After removing the ScikitLearn package - DataFrames package was updated using your code. Thanks a lot for help

1 Like

Congrats for reaching version 1.0!!!
It’s a major contribution and an important step in bringing consensus to the “Is Julia production-ready?” dilemma as for ‘general’ data science utilization!
Thanks!!!

4 Likes

A promised blog post about filter vs subset is here.

7 Likes

I am upgrading to DataFrames 1.0 this weekend.

Previously, leftjoin(df1, df2, on=:key) resulted in a DataFrame with rows ordered the same as df1. I know it was documented that this could change, but I also bet I wasn’t the only one that had code relying on it.

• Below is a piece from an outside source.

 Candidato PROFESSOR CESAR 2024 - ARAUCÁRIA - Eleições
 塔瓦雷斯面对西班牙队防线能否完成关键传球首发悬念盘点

To the others who were relying on it, what do you do now? Make an index column and sort!?

Could you please elaborate on this in https://github.com/JuliaData/DataFrames.jl/issues/2753. I would add the kwargs I discuss there relatively quickly when we reach a consensus what options for what joins we want.

2 Likes

For the interested people (as many ask about it) in The state of DataFrames.jl H2O benchmark - #14 by bkamins I have summarized the conclusions from the latest H2O benchmark.

2 Likes

DataFrames.jl 1.2.0 is out. Here you can find the release notes. I have also written a blog post explaining the key user visible changes it introduces.

19 Likes

DataFrames.jl 1.3.0 is out.

It is a major release much bigger than recent releases. It is expected that, hopefully, we managed to fix all key missing parts in the package to make it feature complete.

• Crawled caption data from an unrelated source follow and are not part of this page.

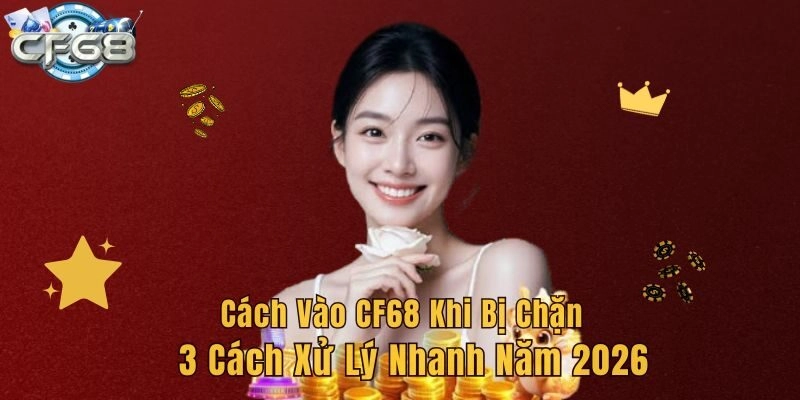 Cách Vào CF68 Khi Bị Chặn – 3 Cách Xử Lý Nhanh Năm 2026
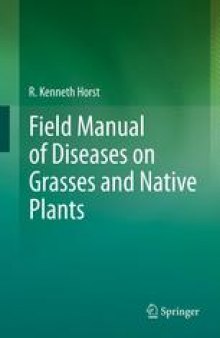 Field manual of diseases on grasses and native plants
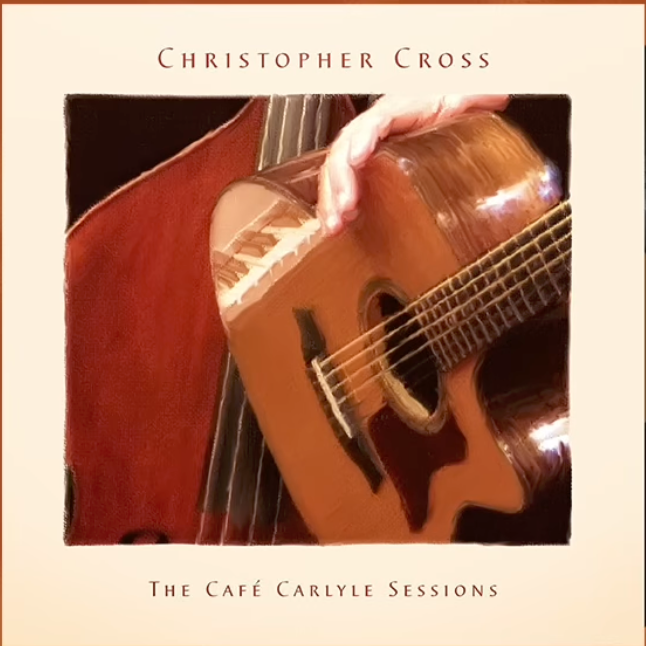 Album Cover | Christopher Cross | The Cafe Carlyle Sessions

Development towards 1.4.0 will continue by adding additional features requested by the users. I expect to have this release around JuliaCon 2022 (unless something unexpected happens).

Here you can find the detailed release notes. See also NEWS.md for a list of relevant changes in the package.

Let me briefly summarize the most important changes and additions (in total 125 PRs were merged since 1.2.2 release which is a lot) this will be brief so it assumes you know the functionality of the package, I will soon write a blog post explaining these changes for newcomers):

  • in groupby now users have more control on resulting group order (this resolves the issue previously groupby was implemented to produce the group ordering that is fastest to create by default, which is unintuitive in certain use cases; now sort keyword argument is improved and allows more control from the user if this is desired);
  • if SubDataFrame was created with : column selector (i.e. it contains all columns of its parent) then you can add new columns to such data frame in all functions (the filtered out rows get filled with missing value)
  • delete! is deprecated in favor of deleteat! fixing the inconsistency with how what these functions are used for in Julia Base
  • leftjoin! is added allowing for in-place joining of data frames (and it is fast)
  • in source .=> transformation .=> destination form of the transformation minilanguage the Cols, Between, All and Not selectors support broadcasting;
  • fix a bug in handling of keyword arguments in sorting related functions that in some cases allowed passing tuples (support of which was removed in 1.0 release) and in some other cases lead to stack overflow;
  • transformations having a form AsTable(...) => ByRow(sum) (and other standard reduction functions) are now fast even when many columns are selected (solving a long standing performance bottleneck)
  • In DataFrames.jl 1.4 release on Julia 1.7 or newer broadcasting assignment into an existing column of a data frame will replace it. Under Julia 1.6 or older it will be an in place operation. (this is an unfortunate difference in behavior between versions of Julia - it is impossible to implement it differently due to limitations of Julia Base; that is why a clear announcement of this discrepancy is made now and the change will be made effective in DataFrames.jl 1.4)

Before I wrap up let me thank everyone who contributed towards this release!

50 Likes

Hi, I didn’t notice the announce for the underlying change in Julia 1.7. Can you give me a pointer?